Another reason was related to strict law
enforcement. Based on a reality that regardless of
how fruitful public education initiatives may be, there
will constantly be a little gathering of people who
remain recalcitrant. In 1968, the Ministry of Health
carries out its battle against litterbugs through the
Environmental Health Public Act (EHPA). The Act
in its fourteen sections covers all fields of natural
wellbeing. Specifically Part 3 (Public Cleansing), it
manages with the cleansing of the street, the
collection and removal of refuse, and the cleanliness
of ‘public places’. Comprehensive provisions against
littering and the disposal of refuse in the public places
were introduced. To accomplish the ideal results of
enhancing public cleanliness, strict legislative
provisions accompanied by equally serious
enforcement. The combination of anti-littering laws
with fines as penalties and the series annual ‘Keep
Singapore Clean’ campaigns, and the Corrective
Work Order (CWO) in place of a hefty fine, have
helped reduce the littering problem to a large extent
(2016:22). Other than littering, vandalism, chewing
gum, smoking, urinating in elevators, not flushing
toilet was other environmental issues related that
become Singapore’s concern on keeping the city safe
and clean.
Further reason regarding the Singapore successful
story on environmental sustainability is that
Singapore applying economic principles to
environmental policy. There are four key zones in
which financial matters has assumed a key role in
managing environmental policy: (i) in deciding
between which projects or options to implement; (ii)
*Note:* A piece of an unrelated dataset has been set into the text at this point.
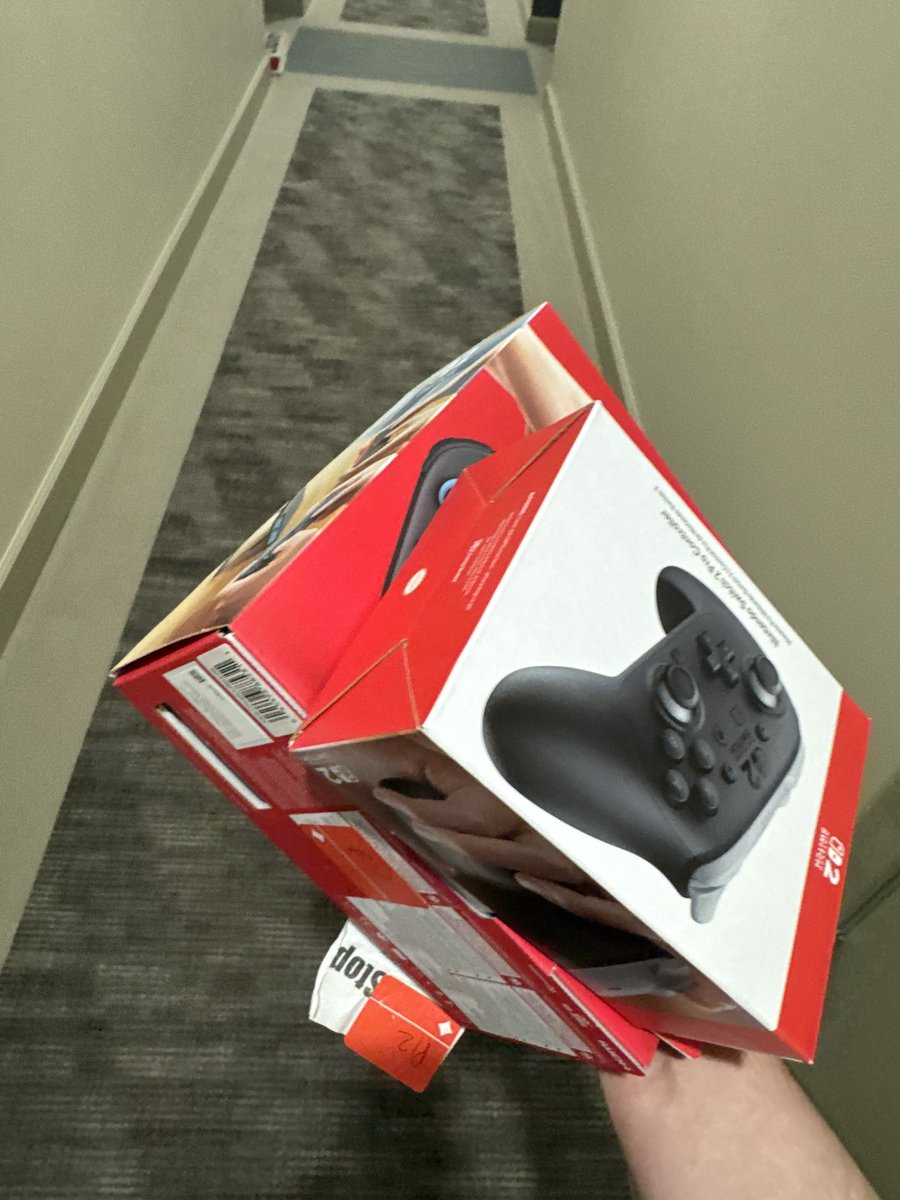 Nostalgia_Road's tweet photo. Great success! #Switch2 #midnightlaunch https://t.co/gkzVcWHG1B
in setting appropriate prices or user fees; (iii) when
introducing market competition; and (iv) how market
failures should be dealt with (2016:45).
Notwithstanding the economics, to quicken the
development of the environmental industry and to
keep up Singapore’s image as a City in a Garden, the
government additionally started a few subsidizing
and motivating force plans related to energy
efficiency, clean energy, green buildings, water and
environmental technologies, green transport and
shipping, waste minimization, energy and greenhouse
gas management, and environmental initiatives and
training. Based on a compilation by Singapore
Sustainability Alliance, presently, Singapore has 72
groups that are doing work related with the
environment; and 35 government funding and
incentives for the environment (Singapore
Sustainability Alliance, http://ssa.sbf.org.sg/).
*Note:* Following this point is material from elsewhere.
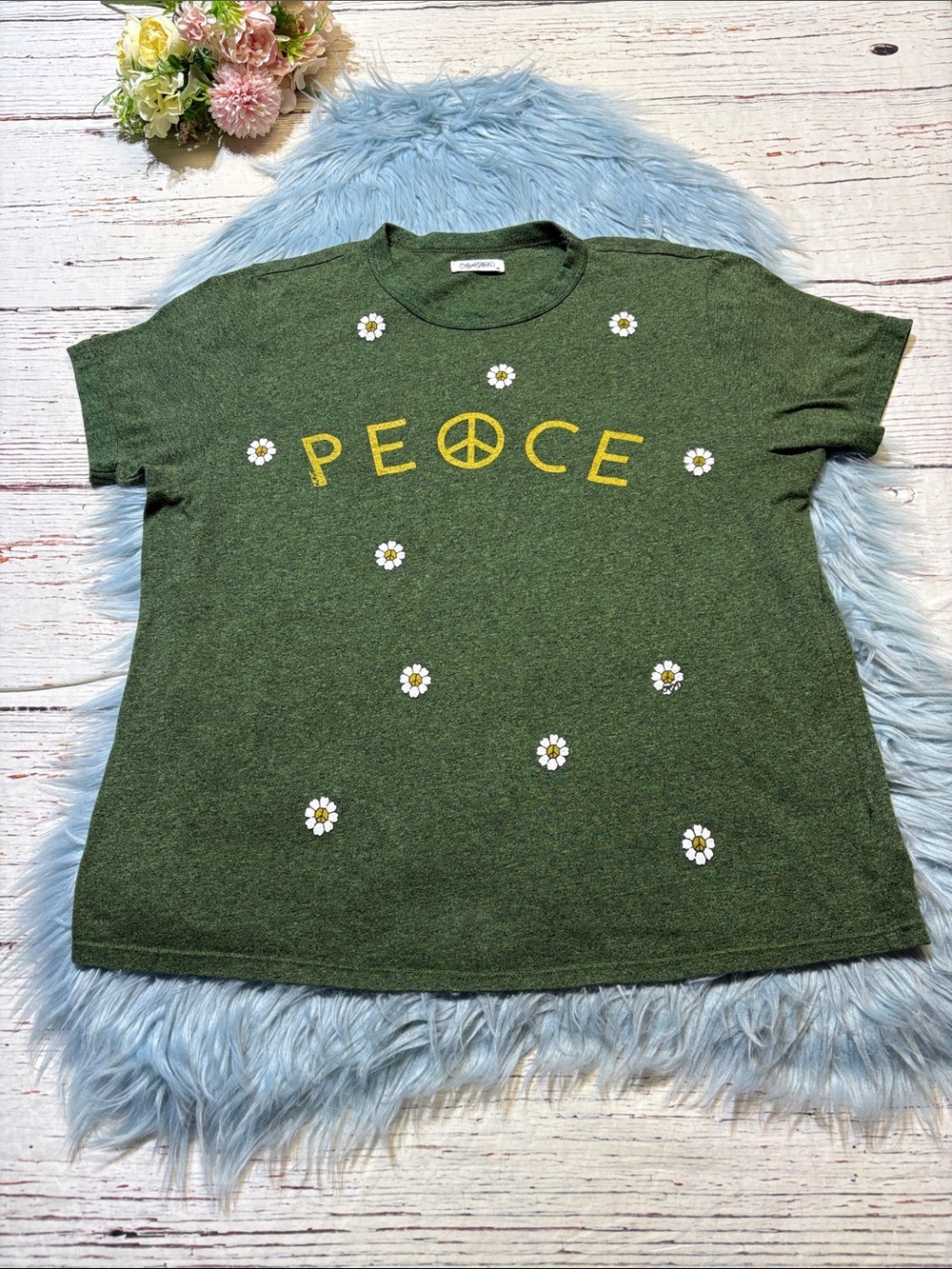 Lauren Moshi PEACE Daisy Green Short Sleeve Tee sz M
Singapore is certifiably not a green ideal world
with zero carbon emissions, extensive scale
sustainable energy sources, or cutting edge zero-
energy buildings. As Singapore is in the Inter-tropical
Convergence Zone (ITCZ), its air composition and
climate are vigorously affected by the breezes that
bring mists and air from the northern and southern
halves of the globe and natural and anthropogenic
activities within the region. The activities such as
land-use change and the related exercises in peat-
terrains would add to Singapore’s air quality through
trans-boundary transport, notwithstanding nearby
emanation sources. Moreover, Singapore’s
geography is generally level, with most land under
than 15 meter above sea level. Subsequently, this
low-lying, densely populated country in profoundly
defenceless against climate change effects (National
Environmental Agency, https://www.nea.gov.sg/).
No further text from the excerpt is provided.